The company could be paving its way to support advanced artificial intelligence algorithms, such as modern super resolution technologies with their upcoming RDNA3 architecture. AMDGPU is a backend for AMD GPUs for LLVM compiler library, updated by AMD employees themselves. Some users follow these patches very closely, which oftentimes reveal what the new generation of GPUs might bring to the table.

In this case, Wave Matrix Multiply-Accumulate was added to GFX11 architecture. This is the codename of upcoming RDNA3 consumer gaming GPUs. This instruction will, as the name suggests, operate on matrixes – rectangular arrays of tables containing numbers. This type of data is used heavily by AI/ML algorithms to multiply large sets of numbers.



This is not the first AMD architecture to support matrix operations though. AMD already supports it through its CDNA architecture. An instruction known as MFMA (Matrix-Fused-Multiply-Add) is supported by this compute-oriented architecture. The difference is in the format of matrixes supported and output formats. The code posted for AMDGPU suggests WMMA only supports 16x16x16 matrixes, and it can output FP16 and BF16 data formats.

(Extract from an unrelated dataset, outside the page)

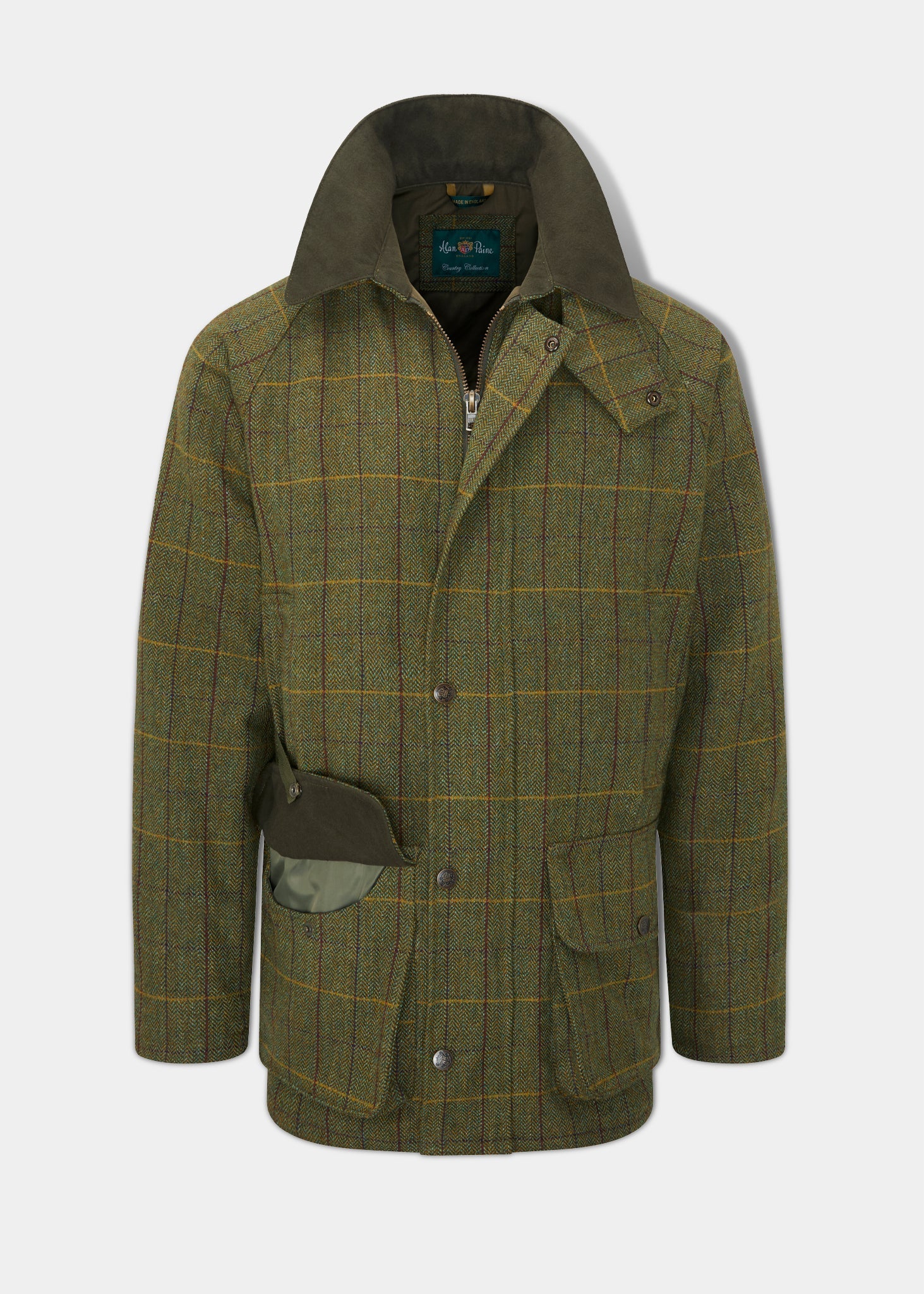 Rutland Men's Tweed Waterproof Shooting Coat In Green Ash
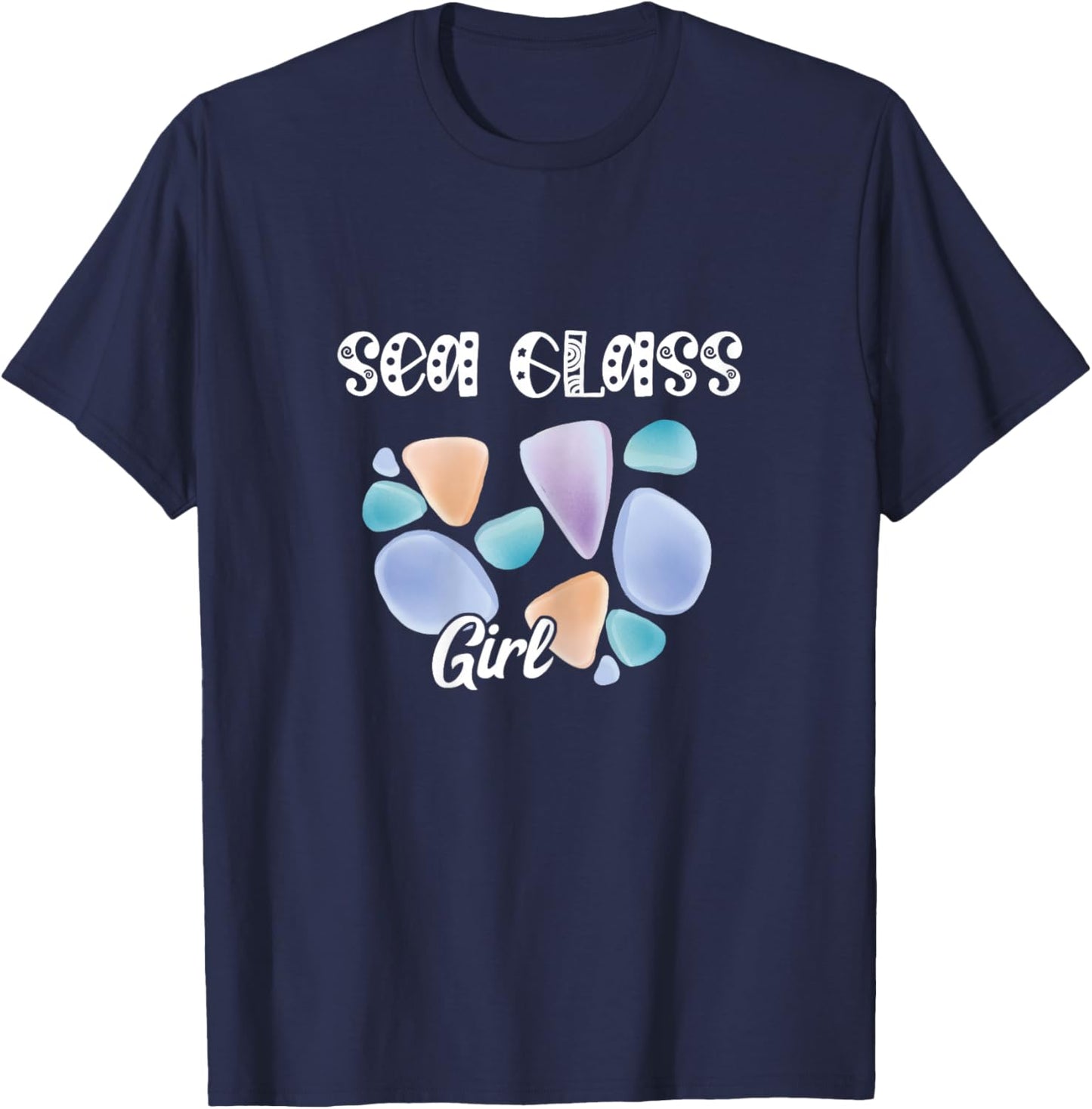 Sea Glass Girl Beachcombing Seaglass Ocean Beachglass Waves T-Shirt - T-Shirt | Navy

// WMMA (Wave Matrix Multiply-Accumulate) intrinsics
//
// These operations perform a matrix multiplication and accumulation of
// the form: D = A * B + C .
AMD WMMA could be considered a response to Tensor Core, which has been present on NVIDIA GPUs since Volta architecture. NVIDIA has commercialized this advanced instruction to boost NVIDIA DLSS AI-based super resolution technology. Intel also have their own XMX/DPAS instructions operating on matrixes that can boost yet unreleased XeSS technology.

Would this suggest AMD is preparing their own super-resolution technology boosted by AI algorithms? If yes, then AMD WMMA should be compatible with NVIDIA Tensor core, because otherwise it would just become another proprietary technology only supported by AMD’s own GPUs.

Some people were concerned about whether RDNA3 would support hardware dedicated to machine learning, but it seems that they do.
 
Last edited:

Diogodx

Neo Member
Some people were concerned about whether RDNA3 would support hardware dedicated to machine learning, but it seems that they do.
It does not necessary means that RDN3 will have dedicated hardware for that. The patch only means that it will support those instructions. They still could be doing that on the shaders.